HOW TO COMPLETE THIS TASK - Go to the line in the entries below that holds "Thủ tướng Phạm" and repeat exactly from there through the line that holds "221 Overlook Rd — Photo 5", inclusive.

Source records:
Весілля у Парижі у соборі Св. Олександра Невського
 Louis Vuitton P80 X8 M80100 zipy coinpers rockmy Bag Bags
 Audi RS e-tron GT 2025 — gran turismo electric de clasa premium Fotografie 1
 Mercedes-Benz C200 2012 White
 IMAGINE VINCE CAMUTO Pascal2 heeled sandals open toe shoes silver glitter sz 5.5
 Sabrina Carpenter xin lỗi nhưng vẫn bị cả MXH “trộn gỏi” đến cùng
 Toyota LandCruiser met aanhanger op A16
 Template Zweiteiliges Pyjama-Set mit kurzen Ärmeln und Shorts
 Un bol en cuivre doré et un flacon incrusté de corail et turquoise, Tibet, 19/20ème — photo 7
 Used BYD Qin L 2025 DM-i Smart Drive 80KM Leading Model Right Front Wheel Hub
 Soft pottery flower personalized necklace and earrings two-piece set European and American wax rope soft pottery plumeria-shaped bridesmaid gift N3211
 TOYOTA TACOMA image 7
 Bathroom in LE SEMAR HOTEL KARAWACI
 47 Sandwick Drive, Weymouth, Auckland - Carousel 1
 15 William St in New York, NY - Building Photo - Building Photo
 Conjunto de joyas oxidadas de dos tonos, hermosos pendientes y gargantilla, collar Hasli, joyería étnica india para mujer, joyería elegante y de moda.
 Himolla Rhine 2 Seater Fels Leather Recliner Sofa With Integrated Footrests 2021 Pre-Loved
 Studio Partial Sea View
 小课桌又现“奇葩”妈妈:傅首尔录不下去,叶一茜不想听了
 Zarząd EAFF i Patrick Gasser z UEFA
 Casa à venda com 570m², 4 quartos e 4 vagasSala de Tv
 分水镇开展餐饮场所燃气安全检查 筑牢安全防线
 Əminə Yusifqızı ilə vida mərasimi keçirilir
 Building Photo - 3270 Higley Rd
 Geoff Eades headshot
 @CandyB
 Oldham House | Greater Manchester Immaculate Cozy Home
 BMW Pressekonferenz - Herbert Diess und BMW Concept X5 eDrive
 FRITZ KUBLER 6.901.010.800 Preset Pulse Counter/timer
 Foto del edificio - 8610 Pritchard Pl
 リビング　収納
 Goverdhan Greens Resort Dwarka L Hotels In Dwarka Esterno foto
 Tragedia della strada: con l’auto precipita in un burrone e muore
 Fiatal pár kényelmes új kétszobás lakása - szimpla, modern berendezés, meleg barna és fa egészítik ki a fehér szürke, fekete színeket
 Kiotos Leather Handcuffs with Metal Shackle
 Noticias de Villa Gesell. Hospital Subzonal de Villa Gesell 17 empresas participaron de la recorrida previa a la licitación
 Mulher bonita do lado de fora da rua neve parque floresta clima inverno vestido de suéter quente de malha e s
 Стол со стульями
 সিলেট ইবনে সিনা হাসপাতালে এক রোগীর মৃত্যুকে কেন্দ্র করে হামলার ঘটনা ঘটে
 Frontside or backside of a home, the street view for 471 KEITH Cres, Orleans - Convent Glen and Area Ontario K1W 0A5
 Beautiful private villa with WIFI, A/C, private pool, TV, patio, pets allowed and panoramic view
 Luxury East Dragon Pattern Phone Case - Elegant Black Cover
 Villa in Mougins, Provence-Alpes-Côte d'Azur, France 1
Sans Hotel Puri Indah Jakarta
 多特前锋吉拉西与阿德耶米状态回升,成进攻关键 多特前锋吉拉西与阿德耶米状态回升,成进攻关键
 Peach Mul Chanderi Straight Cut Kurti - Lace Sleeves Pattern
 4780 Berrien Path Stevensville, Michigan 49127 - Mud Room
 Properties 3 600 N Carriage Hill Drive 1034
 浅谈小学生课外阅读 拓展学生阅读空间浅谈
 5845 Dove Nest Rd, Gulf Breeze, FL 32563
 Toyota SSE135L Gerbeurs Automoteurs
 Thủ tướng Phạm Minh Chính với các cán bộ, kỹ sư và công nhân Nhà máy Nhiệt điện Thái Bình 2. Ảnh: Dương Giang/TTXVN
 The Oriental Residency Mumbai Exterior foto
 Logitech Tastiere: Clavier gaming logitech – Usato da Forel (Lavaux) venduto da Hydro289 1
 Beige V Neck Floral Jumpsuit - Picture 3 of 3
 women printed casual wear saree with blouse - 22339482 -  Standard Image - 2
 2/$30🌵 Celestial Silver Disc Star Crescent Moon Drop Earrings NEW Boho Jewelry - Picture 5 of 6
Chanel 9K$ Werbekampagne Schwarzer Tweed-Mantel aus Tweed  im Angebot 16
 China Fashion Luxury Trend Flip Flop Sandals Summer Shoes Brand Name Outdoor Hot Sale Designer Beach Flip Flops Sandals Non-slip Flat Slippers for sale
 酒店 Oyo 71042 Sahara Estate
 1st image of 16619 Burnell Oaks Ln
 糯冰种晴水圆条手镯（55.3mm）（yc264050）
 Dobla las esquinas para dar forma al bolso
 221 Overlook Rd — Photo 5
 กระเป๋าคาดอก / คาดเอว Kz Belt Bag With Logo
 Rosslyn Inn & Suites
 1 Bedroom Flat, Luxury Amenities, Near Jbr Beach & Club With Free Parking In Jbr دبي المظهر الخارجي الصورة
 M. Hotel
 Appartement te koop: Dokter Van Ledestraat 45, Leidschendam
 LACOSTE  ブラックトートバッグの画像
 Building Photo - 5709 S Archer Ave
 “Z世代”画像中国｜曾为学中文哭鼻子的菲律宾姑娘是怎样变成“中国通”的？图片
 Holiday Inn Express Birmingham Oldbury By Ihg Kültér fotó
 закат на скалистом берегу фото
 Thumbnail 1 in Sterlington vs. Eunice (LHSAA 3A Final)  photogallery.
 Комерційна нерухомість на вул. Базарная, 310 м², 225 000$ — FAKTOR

REPLY TO THE TASK -
 Thủ tướng Phạm Minh Chính với các cán bộ, kỹ sư và công nhân Nhà máy Nhiệt điện Thái Bình 2. Ảnh: Dương Giang/TTXVN
 The Oriental Residency Mumbai Exterior foto
 Logitech Tastiere: Clavier gaming logitech – Usato da Forel (Lavaux) venduto da Hydro289 1
 Beige V Neck Floral Jumpsuit - Picture 3 of 3
 women printed casual wear saree with blouse - 22339482 -  Standard Image - 2
 2/$30🌵 Celestial Silver Disc Star Crescent Moon Drop Earrings NEW Boho Jewelry - Picture 5 of 6
Chanel 9K$ Werbekampagne Schwarzer Tweed-Mantel aus Tweed  im Angebot 16
 China Fashion Luxury Trend Flip Flop Sandals Summer Shoes Brand Name Outdoor Hot Sale Designer Beach Flip Flops Sandals Non-slip Flat Slippers for sale
 酒店 Oyo 71042 Sahara Estate
 1st image of 16619 Burnell Oaks Ln
 糯冰种晴水圆条手镯（55.3mm）（yc264050）
 Dobla las esquinas para dar forma al bolso
 221 Overlook Rd — Photo 5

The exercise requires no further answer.